Le gouverneur Felix Eboué recevra d’ailleurs de nombreuses doléances de la part d’Africains mettant le doigt sur cette même contradiction : comment justifier le racisme et les conditions terribles qu’ils subissaient alors qu’ils luttaient pour les démocraties contre le nazisme ?

Comment est perçue aujourd’hui cette histoire dans ces pays africains qui étaient sous le contrôle des gaullistes en 1940 ?

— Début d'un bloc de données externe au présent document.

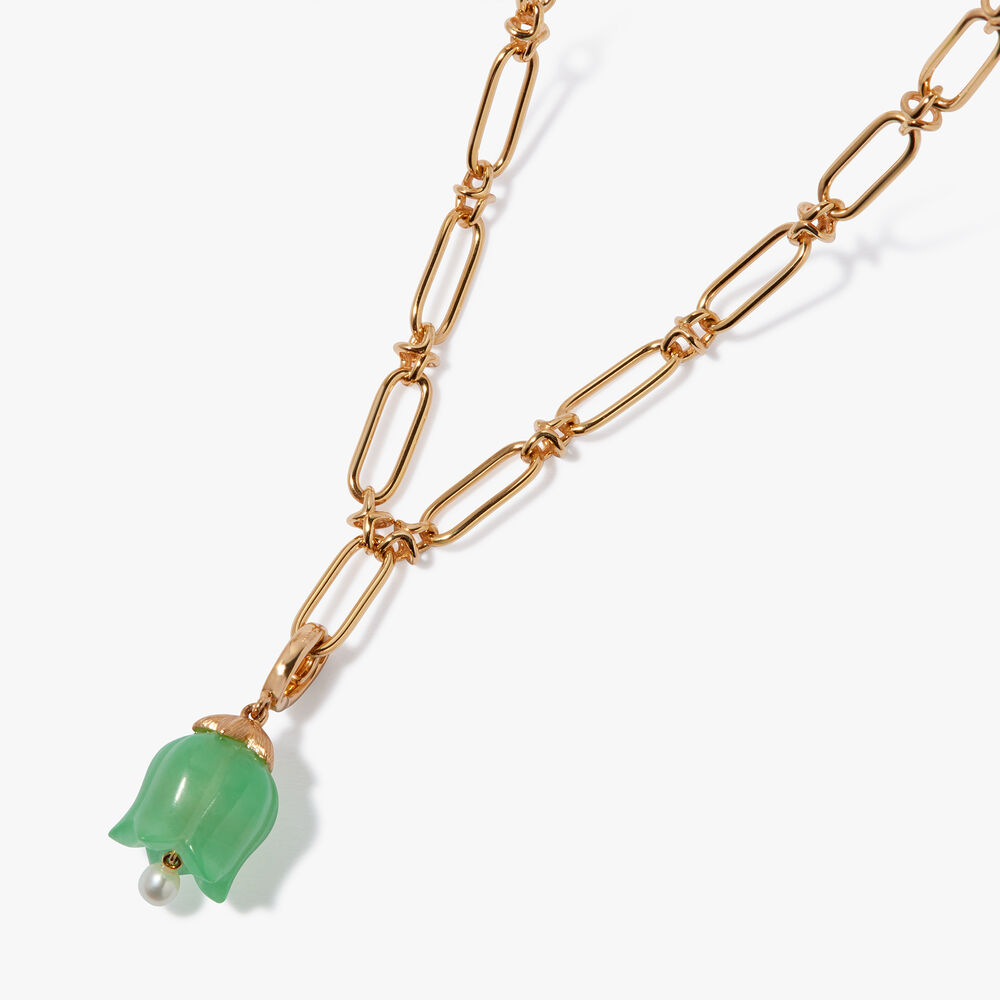 Tulips 14ct Yellow Gold Jade Knuckle Necklace | Annoushka jewelley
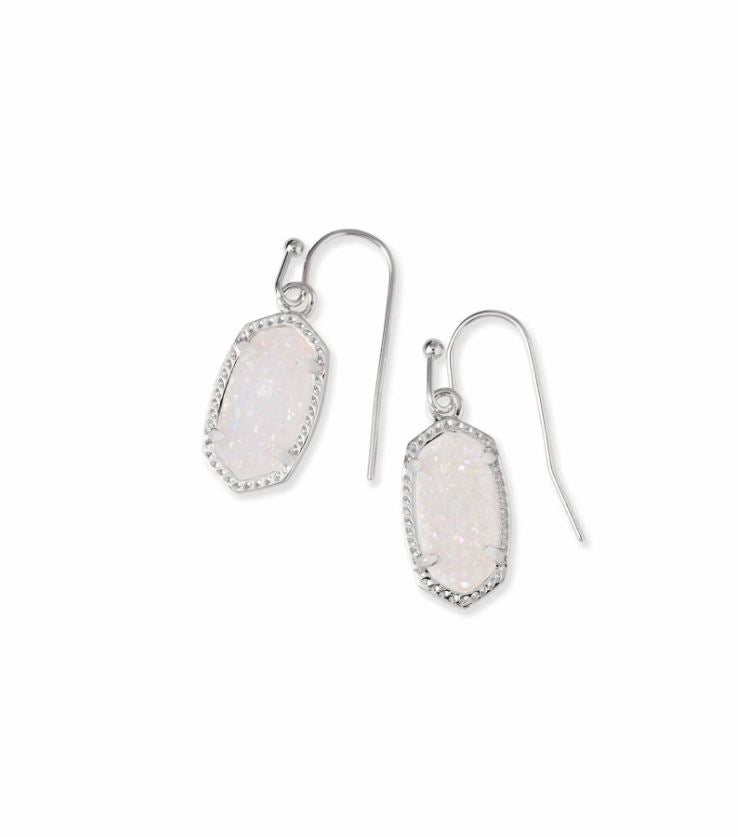 Kendra Scott Lee Drop Earrings - Iridescent Drusy, Rhodium Plated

En France d’abord l’histoire africaine de la France libre a été occultée par celle de la Résistance intérieure. On n’est pas là pour comparer mais l’envolée du maquis démarre en 1943. L’apport des Africains date de 1940. En 1943, les troupes du Cameroun, du Tchad, ont été ensuite débarquées de l’armée au profit d’autres soldats africains, des soldats d’Afrique du Nord. On trouvera aussi des Pieds noirs.

On ne compte que 11 combattants africains, majoritairement des tirailleurs tchadiens et centrafricains, et 5 civils africains comme compagnons de la Libération sur un total d’un peu plus de mille compagnons. On est frappé par le fait que Brazzaville ne soit pas inscrite comme ville à l’ordre de la Libération comme l’ont été d’autres villes en France. Cette mémoire est peu présente dans ces pays. Beaucoup de Congolais ne connaissent pas cette histoire par exemple. Ils ne savent pas que Brazzaville a été la capitale de la France libre. Elle a été occultée par celle des Indépendances.

Des réseaux gaullistes de la Françafrique dans les années 60 ont essayé de faire vivre ce lien, cette mémoire africaine de la France libre. Il faudrait pourtant faire vivre cette mémoire parce que le poids de l’Afrique et notamment des Africains dans le combat contre Hitler a été minoré. La faible notoriété de cette histoire est également liée à l’absence d’archives. Nous avons très peu de témoignages de la part de ces Africains partis au combat pour la France libre.

Ces Africains compagnons de la Libération

Dominique Kosseyo (1919-1994) fait partie des ces héros africains les plus connus. Il a été fait compagnon dans l’ordre de la Libération en 1941. Il est né en Oubangui-Chari, l’actuelle République centrafricaine. Il va jouer un rôle important dans le basculement de Brazzaville. Il prend alors un risque personnel et aurait pu être fusillé pour désobéissance envers le gouverneur favorable à Vichy. Il se bat ensuite au Gabon contre les forces de Vichy. Il sera blessé dans ces combats.

Georges Koudoukou (1894-1942), originaire de Fort Crampel (actuel Kaga Bandoro en République centrafricaine) au nord de Bangui, a été, lui, décoré à titre posthume le 9 septembre 1942. Le jeune homme s’engage à 20 ans et va suivre une carrière militaire exemplaire, interrompue tragiquement. Il est promu caporal en 1920, puis sergent en 1925. Il rallie la France libre, entraînant la troupe indigène du camp de Kassaï où il était affecté.

Il devient sous-lieutenant et est nommé adjoint au commandant. Il est le premier Africain qui devient officier au sein des Forces françaises libres. Il participe à la bataille de Bir Hakeim en Libye contre les forces nazies en mai-juin 1942. Il meurt peu de temps après des suites de ses blessures à Alexandrie en Égypte.